Aliases: Trojan.Win32.Makecall, Trojan:Win32/Makecall
Variants: Trojan:Win32/Makecall.I

Classification: Malware
Category: Trojan Horse

Status: Inactive
Spreading: Slow
Geographical info: N/A
Removal: Hard
Platform: W32
Discovered: 01 Apr 2003
Damage: Low

Characteristics: Using the Visual Basic programming language, this malware was designed by its malicious author to make use of the electronic Bulletin Board System service as a transport mechanism for the delivery of its intended payload. Since the W32.Makecall.Trojan relies mostly on dialup connections, its presence in an infected computer system results in exorbitant telephone bills for the computer user. The most significant sign of its presence in any machine is its executable file.

More details about W32.Makecall.Trojan

Upon execution of the W32.Makecall.Trojan in a vulnerable computer system it will immediately create an executable file which it will store in the same directory folder used by legitimate operating system processes. This malware will modify the entries in the Windows Registry by creating a new key value that is associated to its executable file. The W32.Makecall.Trojan uses the key entry to gain automatic startup functionality allowing it to load together with the operating system. Consistent with the characteristics of most Trojan Horses this malware requires the intervention of the computer user to effectively deliver its intended payload. The W32.Makecall.Trojan can be used to lower the security settings of the infected computer system to allow it to connect to remote systems without being blocked.

According to majority of antivirus developers the W32.Makecall.Trojan will attempt to make use of the Remote Access Service of the operating system to log onto electronic Bulletin Board Systems.
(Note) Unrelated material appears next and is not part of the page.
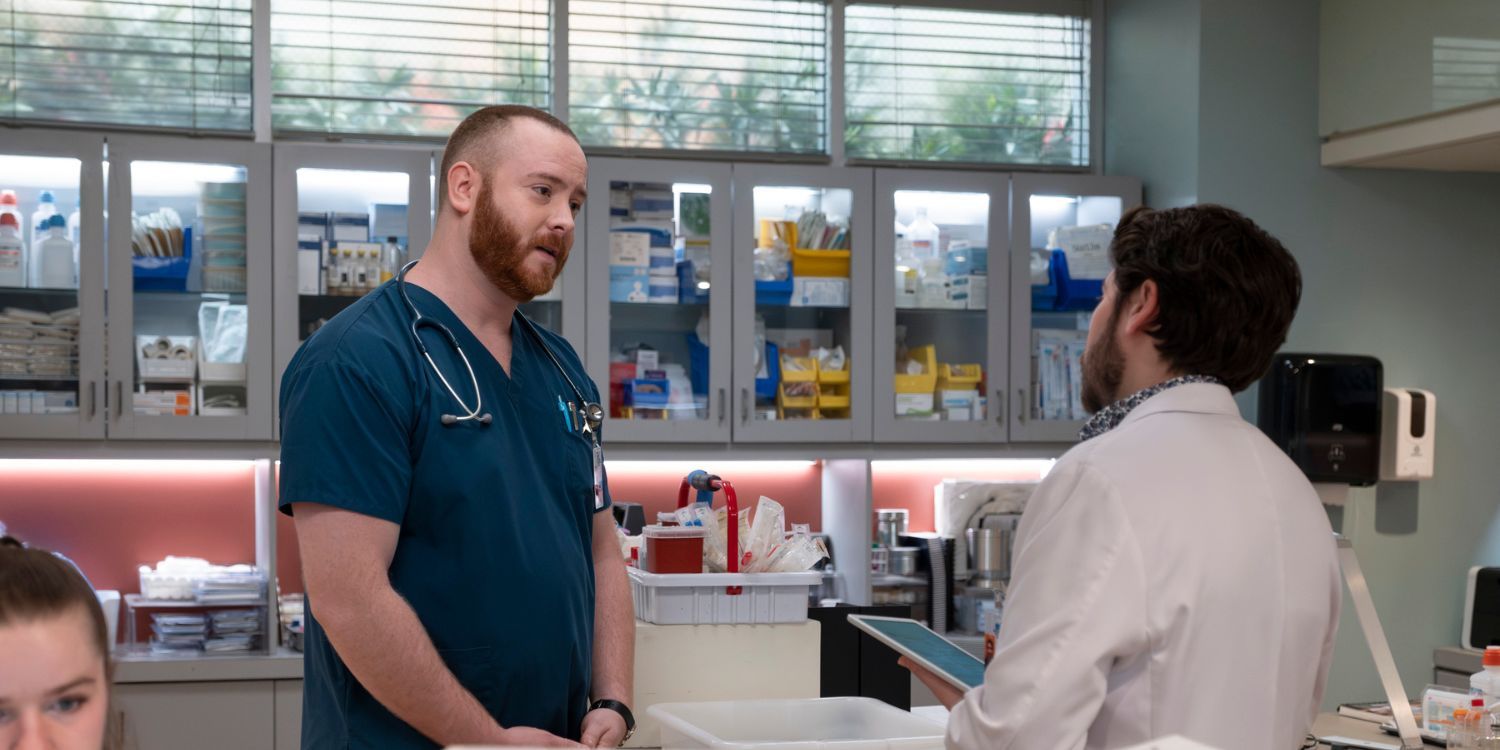 The Good Doctor's Jerome stands by the nurses station facing Asher and talking to him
The address of the targeted systems is hard coded into the body of the W32.Makecall.Trojan malware. The W32.Makecall.Trojan is considered as inactive primarily due to the minimal usage of dialup connections to the Internet. The number of electronic Bulletin Board Systems have also reduced significantly to make a dramatic impact on computing systems. Manual Removal can be done by deleting its executable file from the compromised computer system in Safe Mode.